Raw data →
++++++++++++++++++++
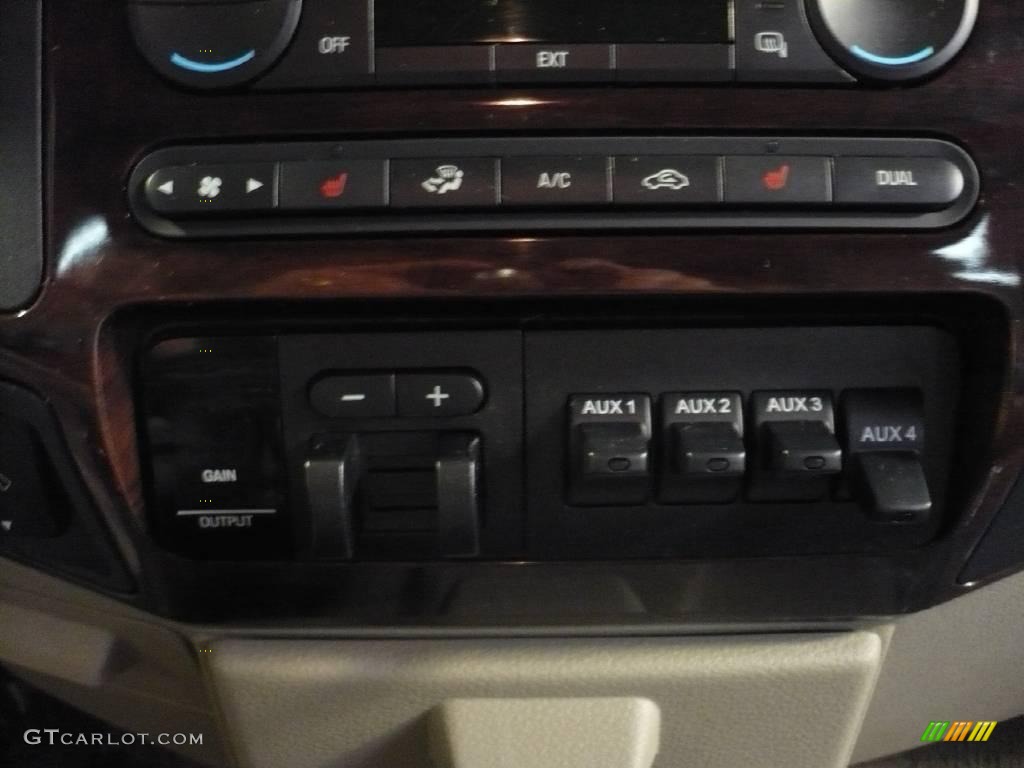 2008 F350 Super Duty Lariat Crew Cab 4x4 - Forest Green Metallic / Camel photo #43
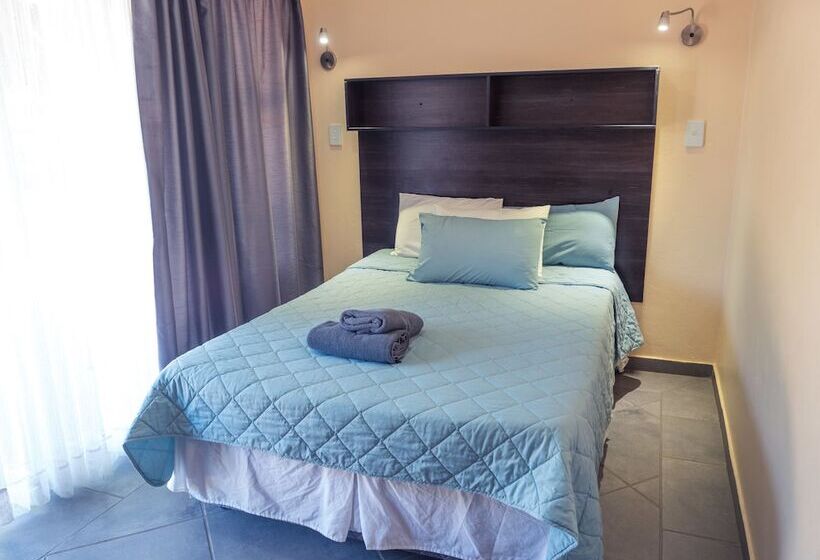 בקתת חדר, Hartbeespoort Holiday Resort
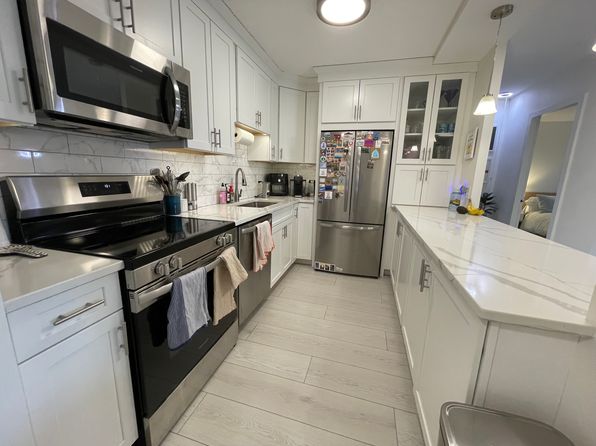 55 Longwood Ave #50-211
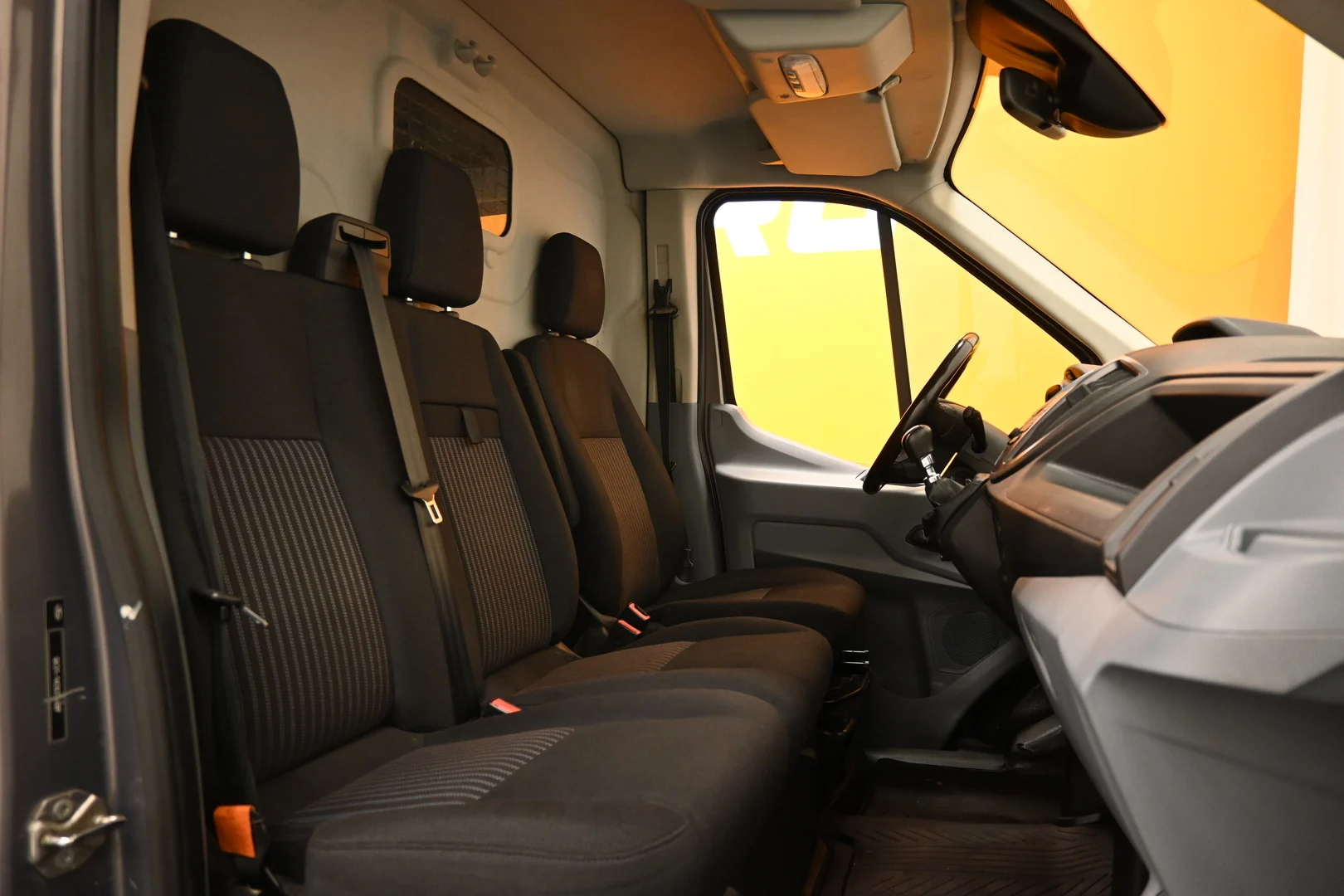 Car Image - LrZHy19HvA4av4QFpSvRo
++++++++++++++++++++
Goal of the exercise →
Give the listing above again word for word, without its pictures.

Solution for this exercise →
 2008 F350 Super Duty Lariat Crew Cab 4x4 - Forest Green Metallic / Camel photo #43
 בקתת חדר, Hartbeespoort Holiday Resort
 55 Longwood Ave #50-211
 Car Image - LrZHy19HvA4av4QFpSvRo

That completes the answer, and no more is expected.